“ Vendo, pois, Deus que a terra estava toda corrompida (...) disse a Noé: O fim de toda carne chegou diante de mim; a humanidade, por suas obras está cheia de iniqüidades e eu as exterminarei com a terra.”Gênesis, 6:12.
Assim disse o Senhor: “ – Estou arrependido;
Pois estes seres que deveriam ser tão perfeitos
Se encontram tão cheios de malícia e defeitos
Que já não passa de um rebanho corrompido.”
Arrependido estava, porém inda esperançoso,
O Senhor foi capaz de mostrar sua clemência.
Pois que deu cento e vinte anos de penitência
Para o homem se tornar novamente virtuoso.
Porém a corrupção naquela gente era tão forte,
Que não podia mais ser curada só com perdão,
Pois o salário do pecado se paga com a morte.

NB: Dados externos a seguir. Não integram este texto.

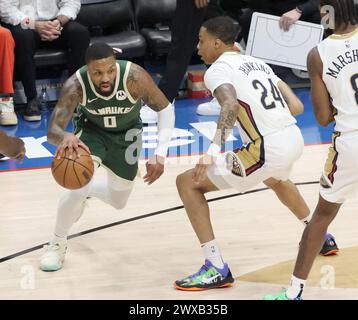 New Orleans, USA. 28th Mar, 2024. Milwaukee Bucks guard Damian Lillard (0) tries to drive past New Orleans Pelicans guard Jordan Hawkins (24) during a National Basketball Association game at the Smoothie King Center in New Orleans, Louisiana on Thursday, March 28, 2024. (Photo by Peter G. Forest/SipaUSA) Credit: Sipa USA/Alamy Live News Stock Photo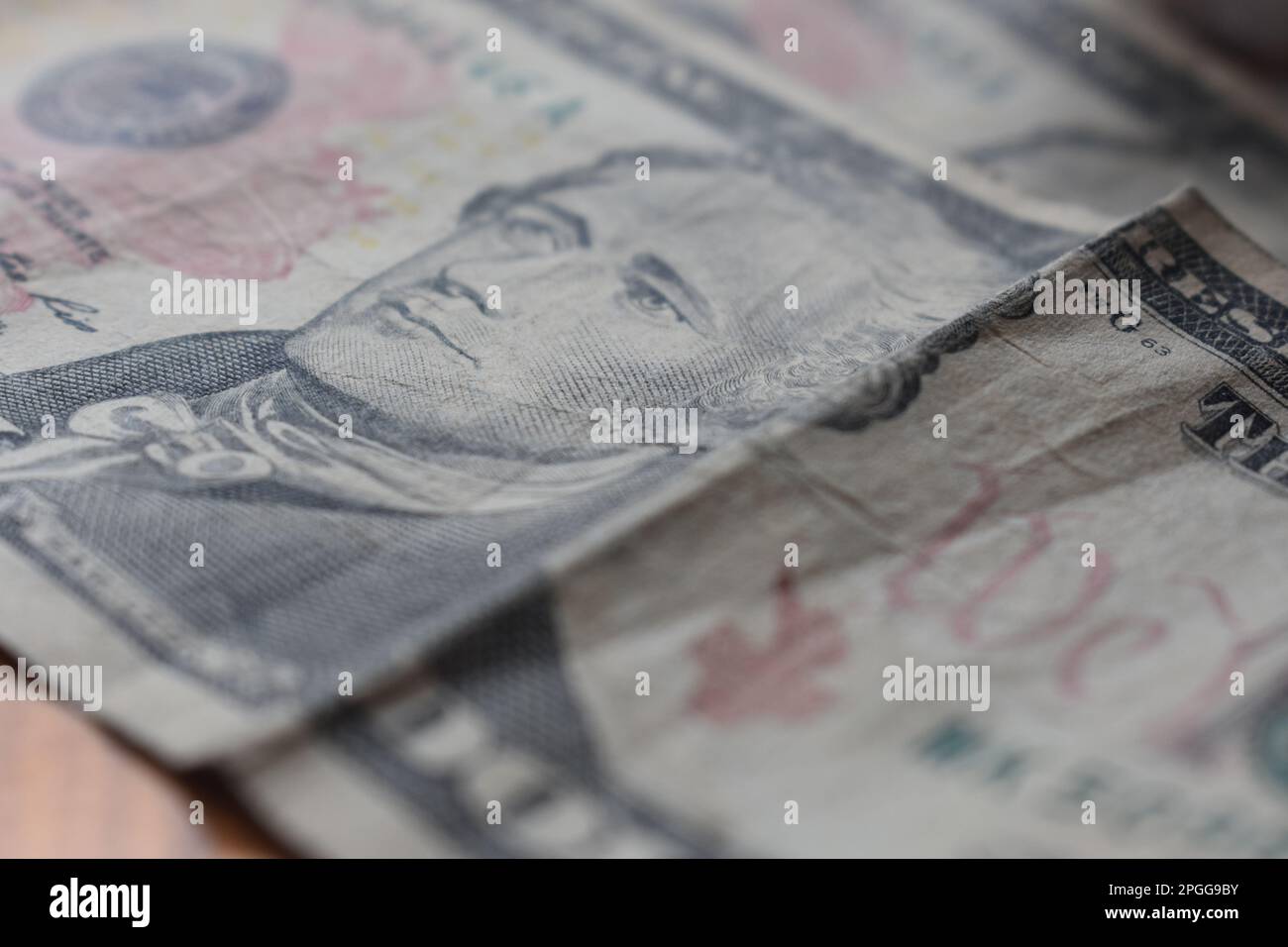 American 10 (ten) dollar bills lying on a table. Portrait of Alexander Hamilton.  United States, US, USA Stock Photo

E quarenta dias de chuva forte e intermitente,
Afogou de vez aquela antiga e má civilização.
Mas Noé e filhos Deus guardou para semente.
Comentário:
Segundo a bíblia, antes de Deus mandar o dilúvio, havia sobre a terra uma raça de gigantes, descendentes do conúbio entre os anjos caídos e as filhas dos homens, que eram muito formosas. Essa civilização, segundo os cronistas bíblicos, era muito perversa e tinha “os seus pensamentos todos voltados para o mal”. (Gênesis 6:5).

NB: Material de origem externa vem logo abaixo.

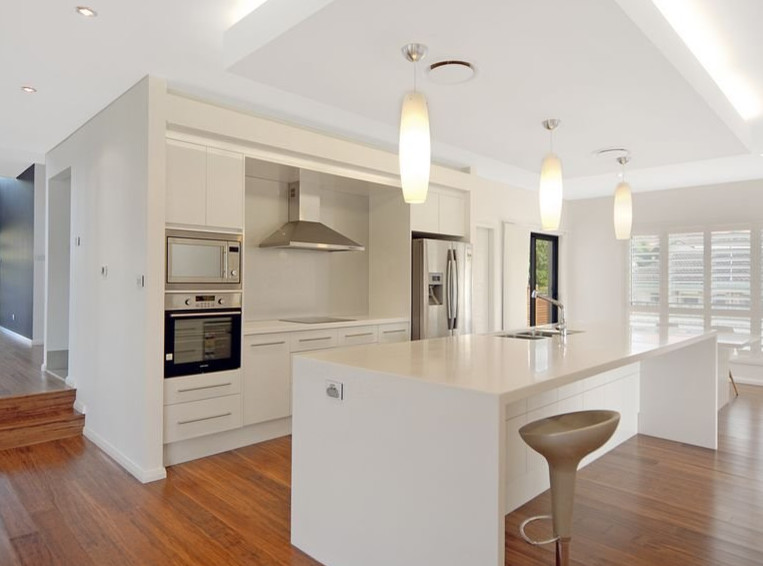 This is an example of a beach style kitchen in Sydney.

Em estudos anteriores já nos referimos ás teses do escritor e historiador Zecharias Sitchin, o qual, estudando a literatura suméria encontrada nas ruínas de Babilônia e Ur, a antiga cidade do patriarca Abraão, afirma que a tal civilização de gigantes a que se refere a Bíblia era a civilização dos anunnakis, povo extra terrestre que teria aportado na terra por ocasião da aproximação do planeta chamado Nibiru, planeta esse que teria sido detectado pelas sondas da NASA e rotulado com o nome de planeta X. Esse planeta, que faz uma órbita em volta do sol no prazo de 3600 anos, se aproxima da terra a cada um desses períodos, e quando isso acontece várias mutações ocorrem na terra. A ultima dessas aproximações teria ocasionado o dilúvio.

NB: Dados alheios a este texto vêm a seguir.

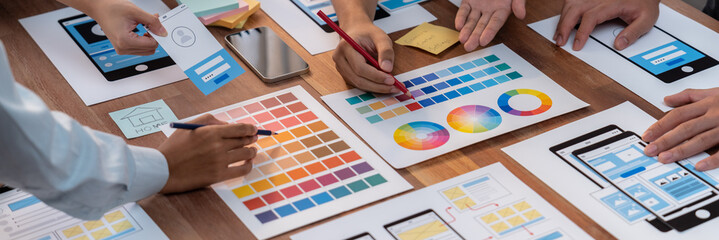 Panorama shot of front-end developer team brainstorming UI and UX designs for mobile app on paper...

Já dissemos acreditar que as crônicas bíblicas a respeito das oritgens da humanidade foram todas inspiradas na literatura dos povos mesopotâmicos, onde o próprio povo de Israel teve origem.
Abraão, por suposto um mago, ou sacerdote caldeu, com certeza conhecia todas essas lendas e as legou aos seus descendentes, que as adotaram como sendo suas próprias lendas de origem.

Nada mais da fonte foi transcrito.